(SOURCE DATA Opens)
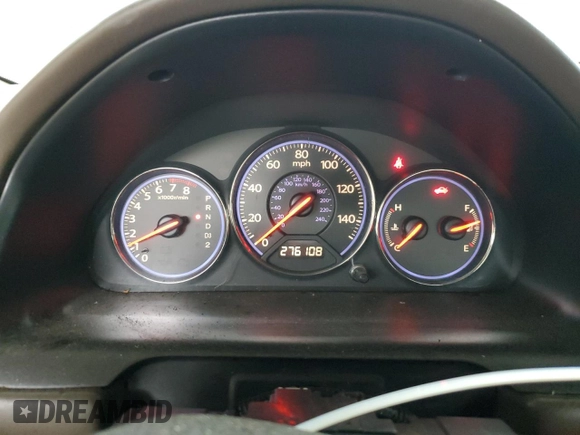 2004 Honda Civic LX z VIN 2HGES16554H500862, wystawiony jako Copart lot #58537755 z przebiegiem 276 108 mil mil oraz Szkoda całkowita • Salvage title. Historia ofert i sprzedaży dostępna na DreamBid. Obrazek 9.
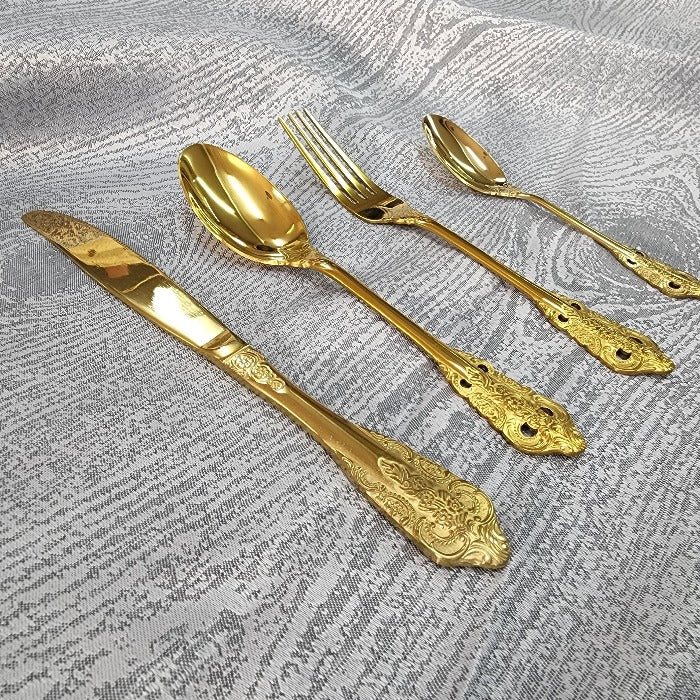 Cutlery - Victorian 4pc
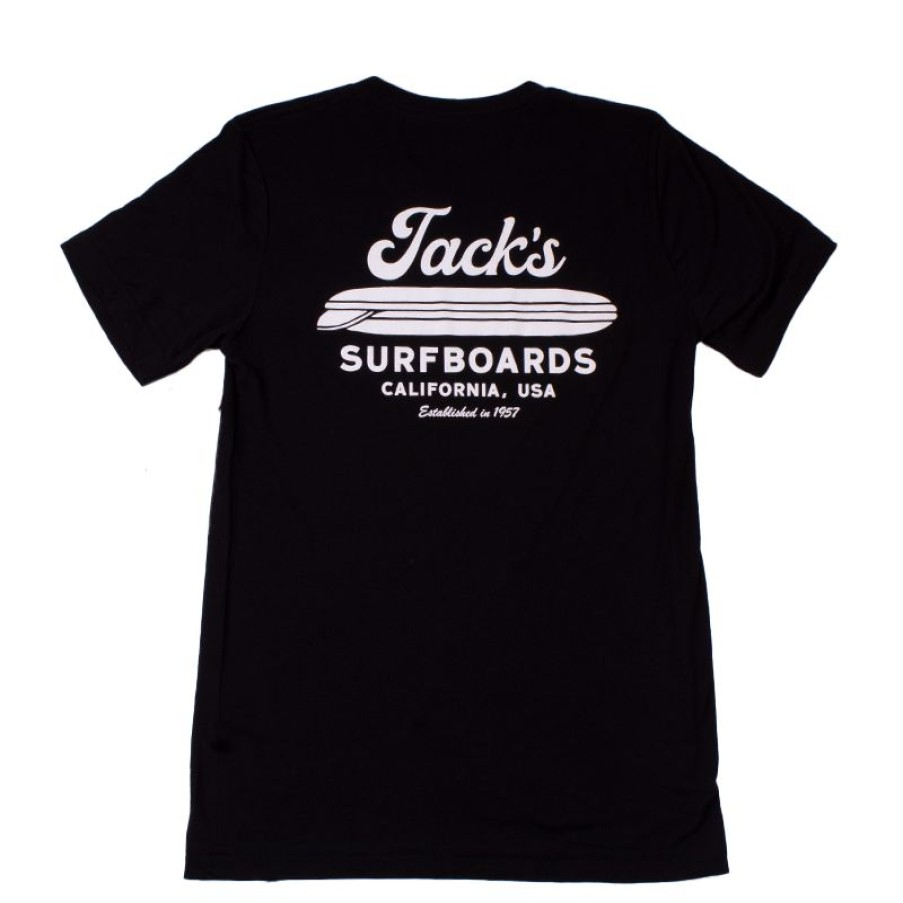 Mens Clothing * | Jack'S Surfboards Flash Sale Hanger S/S Tee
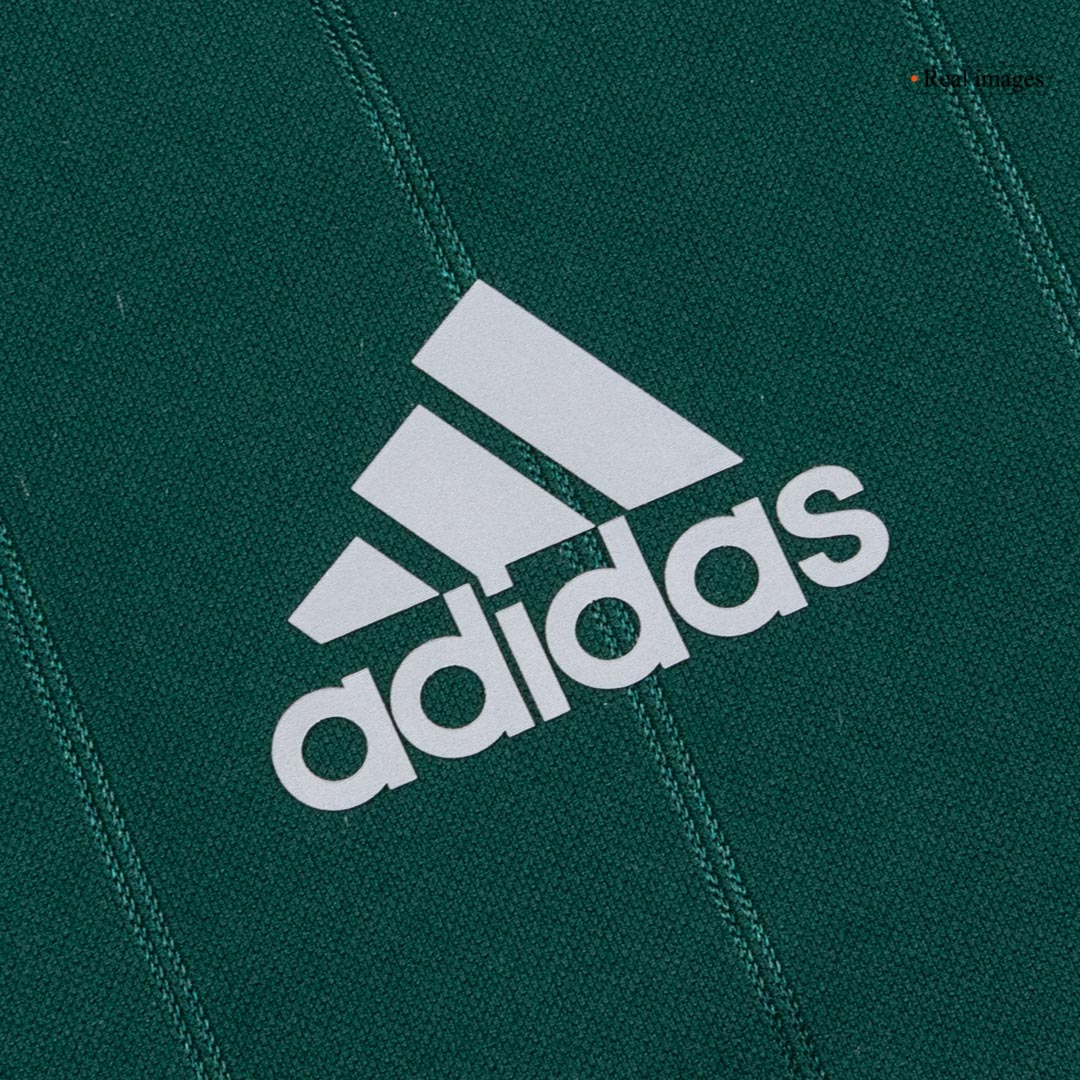 Real Madrid Retro Ausweichtrikot Langarm 2012/13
(SOURCE DATA Closes)
Exact reproduction is required. Output only the lines from the one with "Mens Clothing *" through the end of the listing above, both ends included, and no pictures.

 Mens Clothing * | Jack'S Surfboards Flash Sale Hanger S/S Tee
 Real Madrid Retro Ausweichtrikot Langarm 2012/13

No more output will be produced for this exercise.